3 of 3 people found the following review helpful:
4.0 out of 5 stars
A Unique Little Bio, January 8, 2004
By A Customer
This review is from: Ulysses s Grant (Hardcover)
Over a hundred years since it was first published, this is still one of the premier biographies of Grant. Whether that is a tribute to the superior merits of this book or the weaknesses of modern Grant scholarship is an interesting question. The value of Garland's book lies in the many interviews he conducted with people who knew Grant best, particularly his wife and sons. This generous use of first-person narratives scattered throughout the book has both pluses and minuses.

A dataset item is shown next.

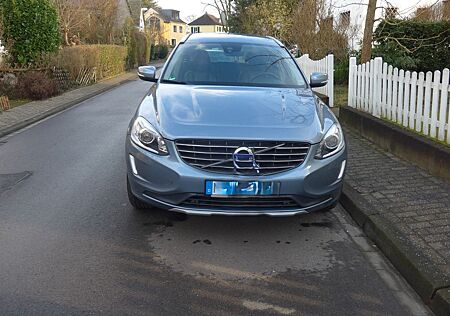 Volvo XC 60 XC60 D5 AWD Summum Geartronic Summum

While the universal faultiness of human memory has to be carefully considered when reading these recollections (some of which describe events that took place more than sixty years before Garland interviewed them,) there is nothing more biographically interesting than reading accounts of a person's life given by those who actually saw this life unfold. In fact, it's a pity no historian has thought to publish a book consisting only of the full texts of these many interviews Garland conducted, as the ultimate oral history of Grant. With proper annotation, it would probably be the finest book about him yet.
One of my main gripes with this book--other than the caveat about the uncertainty that always surrounds old memories of the past--is Garland's writing style. I have never read any of his other works, but I am aware that he was a popular novelist in his day, and still commands a substantial cult following. This surprises me a little, because I find his prose style tends to alternate between leaden clunkiness and a prim sappiness ("There is a whisper to be heard, also, of a little maid living in those days whose face and voice had come to be very precious to Ulysses...") Such absurdly florid lines strongly suggest that at times Garland forgot that he wasn't writing one of his novels. Another drawback is that the book would have greatly benefited from footnotes--or, at least, more clues from Garland about which of his sources gave him what information.
Also, rather startlingly, the section where Garland writes about Kate Lowe, a girl Grant knew when he was a West Point cadet, is plagarized from William Conant Church's 1897 biography! (Or did Church steal from Garland? Doris Kearns Goodwin, come home. All is forgiven!)
All in all, however, it's still a book well worth reading for anyone with an interest in Grant--or anyone who wishes to develop one.